Create <whitespace> and <newline>, (, ), etc nodes rather than throwing out tokens

conventional-commits / parser

reference implementation of conventionalcommits.org spec

ISC License

46 stars 7 forks source link

Create <whitespace> and <newline>, (, ), etc nodes rather than throwing out tokens #16

Open bcoe opened 3 years ago

bcoe commented 3 years ago

So that there's no lost information in the parse tree, we should create <whitespace> and <newline> tokens for spacing characters that fall outside of <text> nodes.

wesleytodd commented 3 years ago

I realized after submitting that review that the pr was merged, so just to keep the context organized I figured I would re-post it here to see if we need to follow up:

I might be wrong here, but I think we need a <blankline> token which is <blankline> ::= <newline>, <newline>+ as the separators between the <summary>, <body>, & <footer>. If I read this correctly as it, you would have a valid summary/body as (only one LF):

fix: summary line
this is my body

Am I missing something here? The implementation looks right, but I think it is just miss-represented in the grammar spec.
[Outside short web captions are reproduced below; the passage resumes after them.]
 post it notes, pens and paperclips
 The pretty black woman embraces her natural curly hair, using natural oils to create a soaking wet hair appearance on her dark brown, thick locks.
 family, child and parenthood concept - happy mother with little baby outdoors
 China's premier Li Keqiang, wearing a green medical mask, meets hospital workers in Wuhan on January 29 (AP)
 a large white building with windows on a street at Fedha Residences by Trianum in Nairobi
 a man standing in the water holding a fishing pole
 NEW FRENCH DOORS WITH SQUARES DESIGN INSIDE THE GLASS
https://github.com/conventional-commits/parser/pull/26#pullrequestreview-559300866

bcoe commented 3 years ago

Am I missing something here? The implementation looks right, but I think it is just miss-represented in the grammar spec.

@wesleytodd this was intentional on my part, I see no reason that:

fix: summary line
this is my body

shouldn't parse correctly, since it doesn't cause any trouble for the grammar.
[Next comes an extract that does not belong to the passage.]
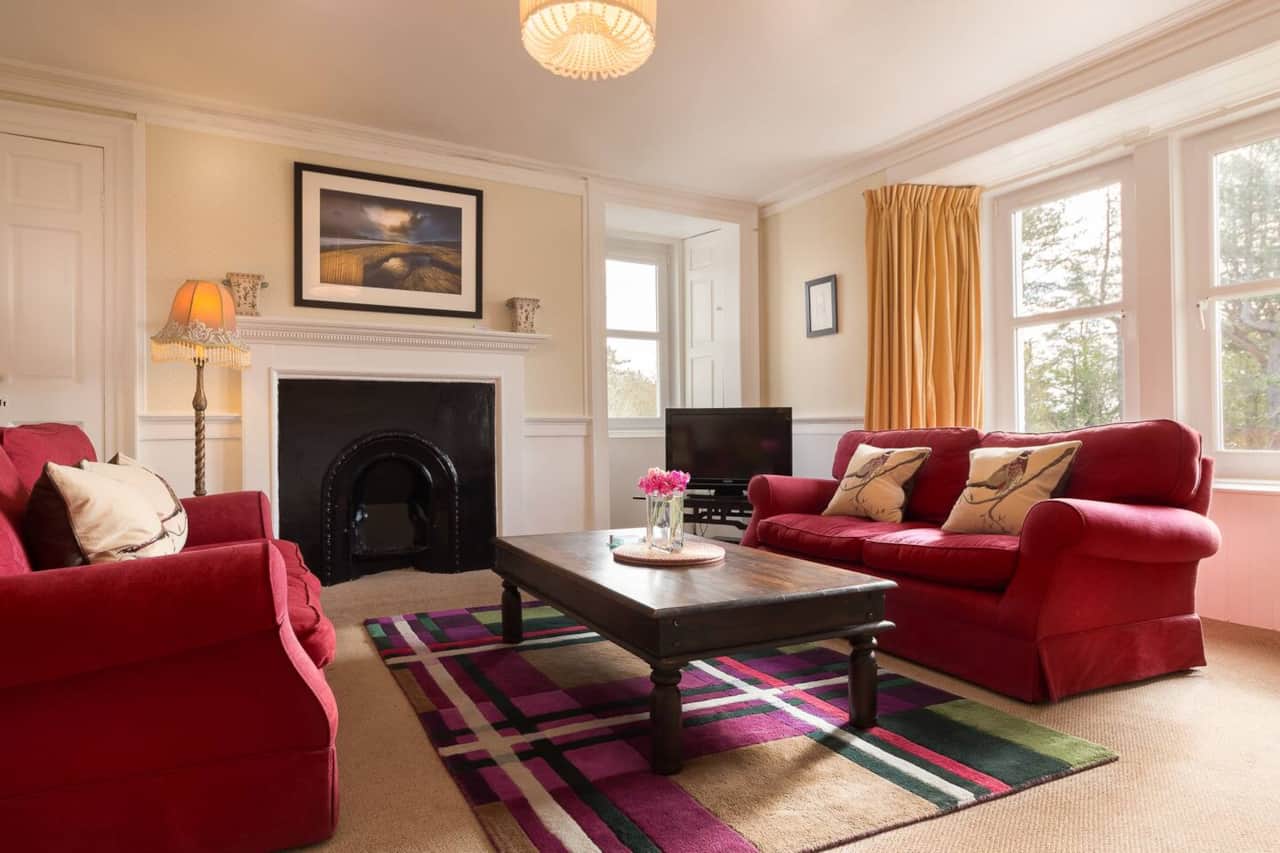 Living room with original fireplace and red sofas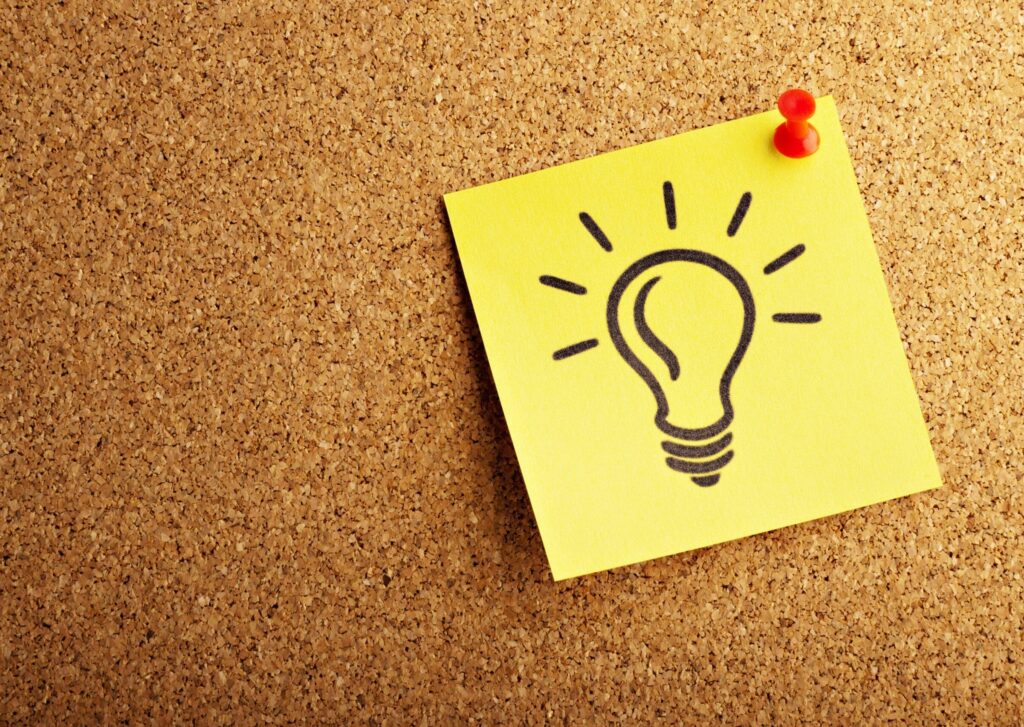 A post-it note with a graphic of a light bulb, pinned to a cork board.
bcoe commented 3 years ago

@byCedric @wesleytodd having been playing around a bit with a tree visitor, it jumps out at me that we'll probably also want to add (, ), and any other tokens I might be missing? to the tree.

This allows us to do something like visit(summary, () => true, (node) => { if (node.value) { text += node.value} }), to put a portion of the tree back together into raw text.
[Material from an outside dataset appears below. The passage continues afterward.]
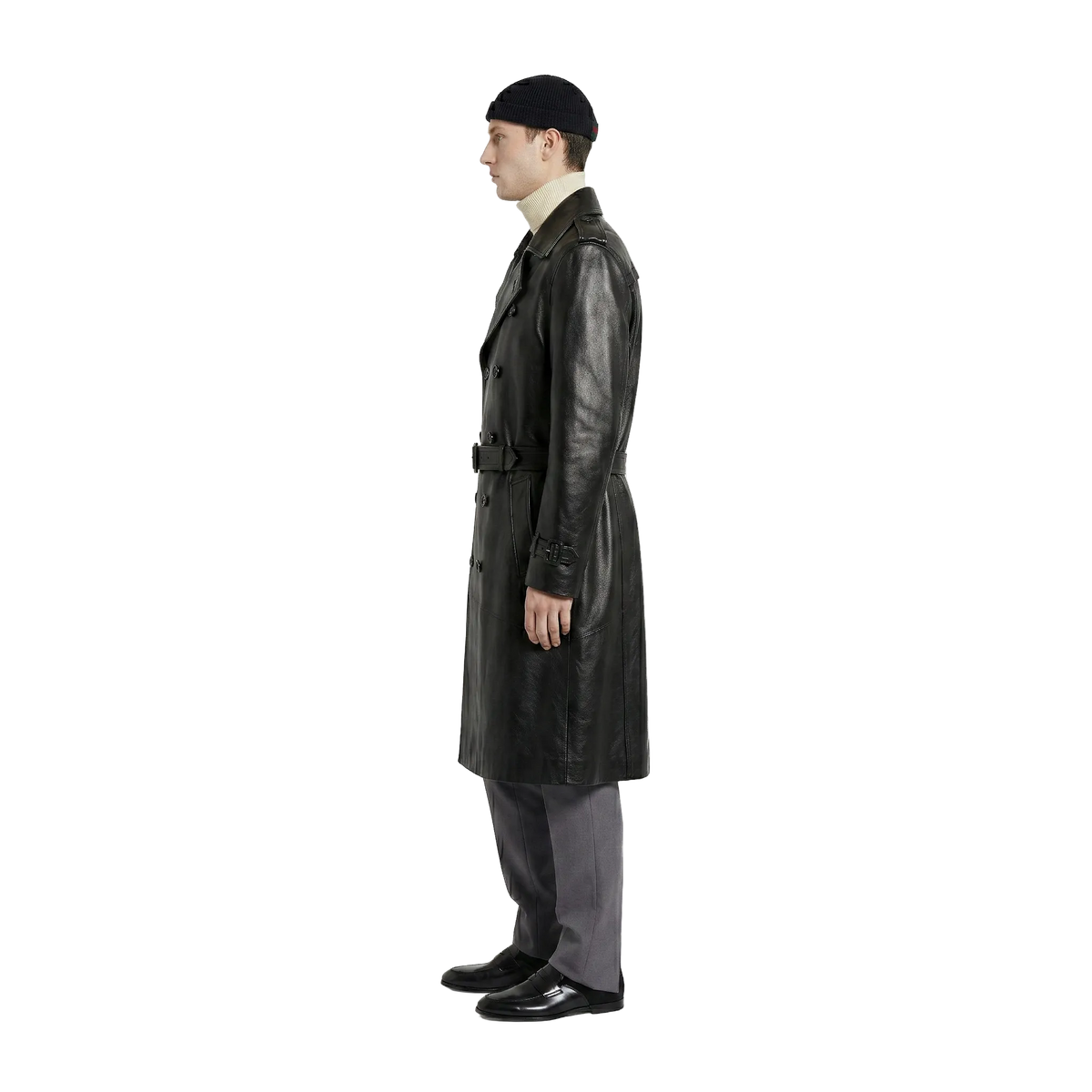 Man wearing black leather trench coat with belt, beanie, and gray trousers, side view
wesleytodd commented 3 years ago

this was intentional on my part

Not opposed to this, but it is a change (might be breaking even?) from the current spec. What does the current parser do in this case?

This allows us to do something like visit(summary, () => true, (node) => { if (node.value) { text += node.value} }), to put a portion of the tree back together into raw text.

This was my main concern with not having these. If you want to modify and stringify, these markers are very helpful to maintain exact formatting.

byCedric commented 3 years ago

@byCedric @wesleytodd having been playing around a bit with a tree visitor, it jumps out at me that we'll probably also want to add (, ), and any other tokens I might be missing? to the tree.

Yeah, it feels a bit odd that we remove those scopes. In this change I had to mitigate it by doing some stuff differently.

One thing we could add is something similar to nlcst's punctuation. Not sure if we have more than the scope parenthesis, but if we do we might want to consider that.

bcoe commented 3 years ago

Not opposed to this, but it is a change (might be breaking even?) from the current spec.

I think I've made a few breaking changes as we transcribe the grammar. I'm trying to channel all the things I've seen colleagues accidentally get wrong, and then reach out to me about.

Making the grammar as forgiving as possible, but then having a linter on top of it, I'd say is the ideal. We can have a linter indicate that it's recommended to have \n\n between the summary and body, while still parsing appropriately.

Yeah, it feels a bit odd that we remove those scopes. In this change I had to mitigate it by doing some stuff differently.

I'm happy with a Punctuation node, if it's only parenthesis we don't have in the tree right now, perhaps we could even just call it a Parenthesis node?